A verdade é que o amor chega muitas vezes na vida. O amor que chega se apresenta como novo, mas é sempre o mesmo. O amor que chega é um truque. O amor que chega é uma ilusão. O amor que chega é um cansaço. O amor que chega é a única verdade. Escrever sobre o amor é sempre arriscado. Porque tantas e tantas coisas já foram ditas sobre ele. Além disso, corre-se o sério risco da pieguice e do lugar-comum.
Estou mergulhado escrevendo meu próximo livro e me deparei com uma cena amorosa. Precisava descrevê-la com intensidade, mas sem exageros. Por isso, toda vez que quero escrever sobre as relações afetivas, recorro ao escritor Roland Barthes. O seu livro Fragmentos de um Discurso Amoroso sempre me atualiza quando quero transformar os afetos em literatura.
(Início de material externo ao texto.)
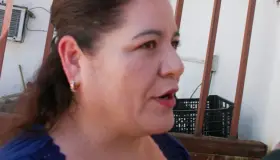 Entregan apoyos a familias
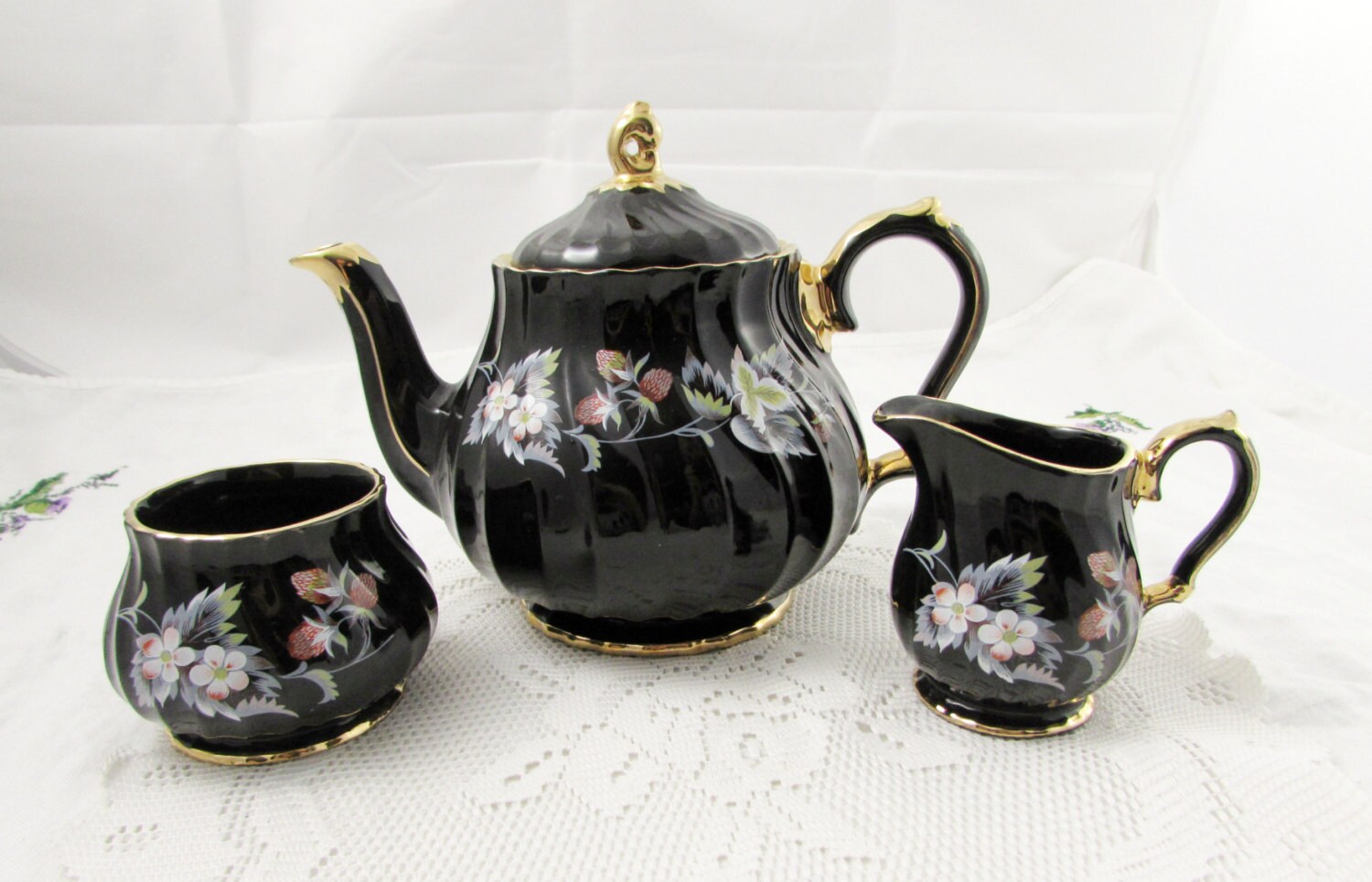 Black Sadler Teapot Cream and Sugar Set with Strawberry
Barthes não é dramático nem quando fala de amor. Ao lê-lo ganhamos uma certa lucidez.
O autor deixa claro que o amor, como elemento discursivo, que compõe a vida, foi excluído não somente do poder, mas também por seus mecanismos racionais. Barthes é lúcido ao analisar o amor porque propõe uma semiologia dos afetos. Em outras palavras, para Barthes, a linguagem é tão complexa quanto o amor.
Os fragmentos bartheanos demonstram que a linguagem é a própria experiência amorosa. Esse mergulho nas entranhas da linguagem, no mundo do signo amoroso, revela também a falta, a ausência e a dor do desamparo provocado pela perda, seja do ser amado ou do banimento do discurso amoroso das esferas de poder. Barthes pensa os signos linguísticos ao redor do amante, apontando, dessa maneira, que o rumor da língua é também o rumor do coração.
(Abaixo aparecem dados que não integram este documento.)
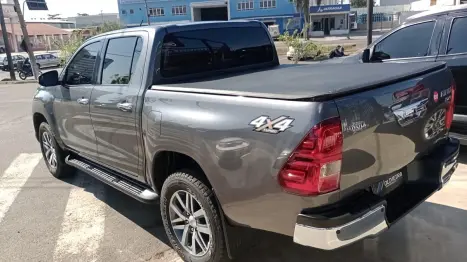 TOYOTA Hilux Caminhonete 2.8 4P SRS 4X4 DIESEL CABINE DUPLA, Foto 8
Ainda segundo Barthes, a ilusão que temos do outro pode ser quebrada pela possibilidade do ser amado não corresponder mais àquela imagem que criamos, porque o horror de estragá-lo é ainda mais forte que a angústia de perdê-lo. A boa notícia é que o amor que chega não está interessado em Barthes. O amor que chega é arrogante. O amor que chega desafia a lucidez. O amor que chega pode inclusive provar que Barthes está errado. O amor que chega é um raio. Poderoso e frágil. Como a linguagem e a literatura.